EXERCISE:
The answer must consist solely of the lines below starting at the one containing "Кухня 11кв в стиле Сканди" and ending at the one containing "Canon przedstawia aparat", repeated exactly, with both ends included and all pictures omitted.

DATASET:
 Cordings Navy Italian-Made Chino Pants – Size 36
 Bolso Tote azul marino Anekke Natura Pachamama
--
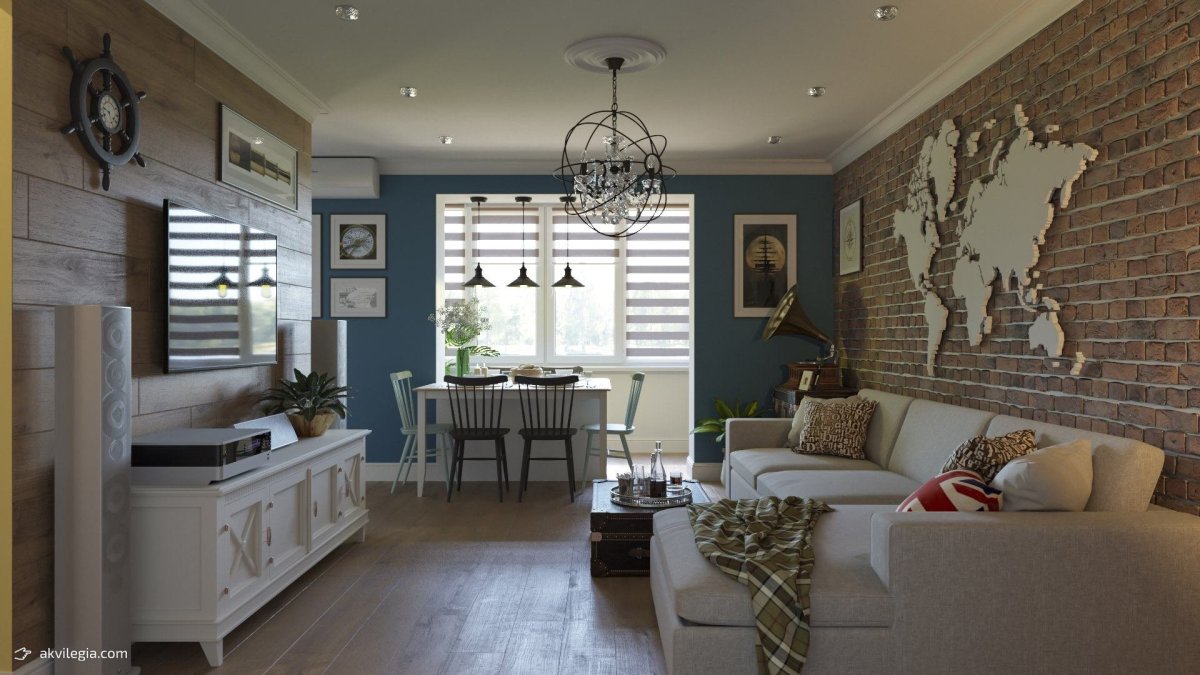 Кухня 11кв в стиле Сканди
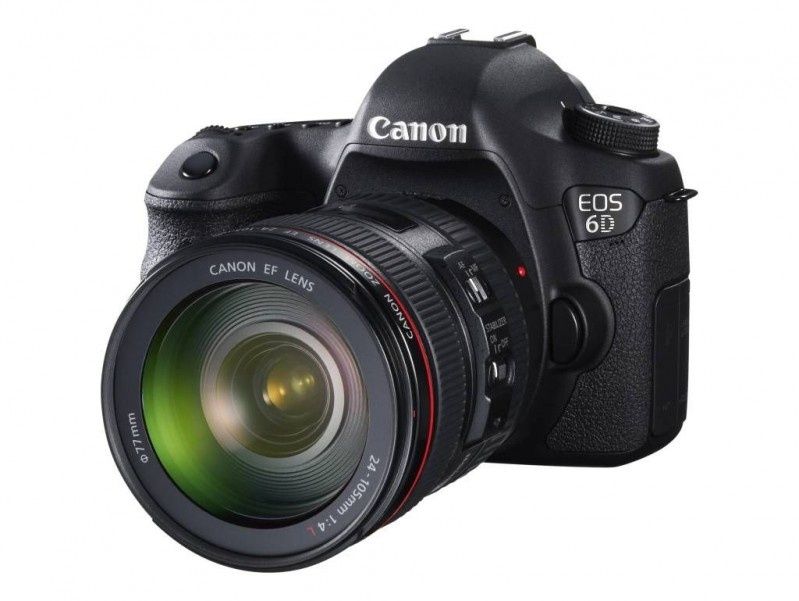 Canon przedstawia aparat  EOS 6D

SOLUTION TO THIS PROBLEM:
 Кухня 11кв в стиле Сканди
 Canon przedstawia aparat  EOS 6D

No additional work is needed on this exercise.